- SMART
- The published acronym for what makes a goal actionable: Specific, Measurable, Achievable, Relevant, Time-bound. Coined by George T. Doran in Management Review, November 1981. Doran's actual paper called the test "smart" because it was meant to be remembered, not to be reverent. The five letters cover the most common failure modes of a stated goal.
- Specific
- The first SMART letter. A specific goal names exactly what changes: what gets done, by whom, where, with which resources. "Get healthier" is not specific; "walk 30 minutes after dinner four nights a week" is. Specificity rules out plausible deniability when the goal isn't met.
- Measurable
- The second SMART letter. A measurable goal has a number (or a yes/no) you can check at the end. Drucker's repeated maxim, "what gets measured gets managed," sits behind this letter. If you can't tell whether you hit it, you also can't tell whether you tried.
- Achievable
- The third SMART letter. The goal is reachable given current circumstance and resources. Doran's framing: a stretch is good, an impossible target is theater. The check isn't "is this easy?" but "is there a credible path from here to there?" If you can't sketch the path, the goal is aspiration, not goal.
- Relevant
- The fourth SMART letter. The goal serves the role and the value it's attached to. A goal that's specific, measurable, and achievable but doesn't move any role you care about is a distraction. Relevance is what role-based planning supplies; without roles named first, this letter has nothing to check against.
- Time-bound
- The fifth SMART letter. The goal has a date by which it's met or missed. "Eventually" is not a date; "by the last Friday of October" is. Time-bound goals create the small pressure that closes the loop. Without it, the goal stays open forever and the brain stops treating it as real.
- Leading vs. lagging indicator
- A leading indicator predicts the result before it arrives (study hours per week predict exam score). A lagging indicator confirms the result after the fact (the exam score itself). Goals are usually phrased as the lagging measure; tasks track the leading ones. A goal you can't break into a leading indicator is hard to manage week to week.
- 1% better
- James Clear's framing in Atomic Habits (2018): small daily gains compound. Improve 1% a day for a year and you're 37 times better; lose 1% a day for a year and you're at 0.03 of where you started. The math is illustrative, not literal, but the principle stands: goals don't move in leaps; they move in tiny consistent margins.
- Begin with the end in mind
- Covey's Habit 2. Before you start a goal, picture the finished result clearly: what's been done, by whom, by when, with what visible mark of completion.

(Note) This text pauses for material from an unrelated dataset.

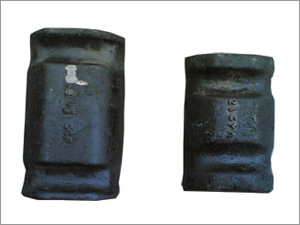 S.G. Iron Saddles Casting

Habit 2 sits between values and SMART because it forces the man to see the end before he picks the means. Two questions seal the habit: at the end of this year, what should be done? At the end of my life, what should I be remembered for?
- Expanded SMART (8 elements)
- The York Rite Leadership extension of the classic five-letter SMART. A workable goal is also Actionable (clear next step), Divided into progressive steps, Communicated to those affected, Assimilated by the team, Measured against the standard, and Adjusted based on reality as it changes. The point isn't acronym worship; it's that a goal that survives contact with a real week needs more than five tests. Use the original SMART as the gate; use these three as the maintenance kit.
- OKR
- Objectives and Key Results. A modern alternative to SMART popularized by Andy Grove at Intel and John Doerr (Measure What Matters, 2018). An Objective is the qualitative goal ("close out the year strong as Senior Warden"); the Key Results are the three to five measurable signals that say it was done. OKRs are noisier than SMART for personal use; they shine when a lodge or a committee uses them together because the Key Results force a shared definition of "done."
- Law of Navigation (Maxwell)
- John Maxwell's fourth Irrefutable Law: "Anyone can steer the ship, but it takes a leader to chart the course." The Law of Navigation is what SMART goals do for a man: it forces him to lay the route in writing before the trip starts, so the daily steering happens against a known plan. Without the chart, steering becomes reaction. Maxwell's research note on the law: leaders who refuse to navigate get rewarded with crews who decide on their own where the ship is going.
- BHAG (Big Hairy Audacious Goal)
- From Collins & Porras, Built to Last (1994): a Big Hairy Audacious Goal is a 10-to-30-year goal so concrete and so large that it galvanizes effort across years and across people. SMART scoping is the right tool for next quarter; a BHAG is the right tool for the long arc. The two work in series: the BHAG sets the horizon, and SMART goals each year ladder toward it. The Craft's vision documents are BHAGs in slow motion.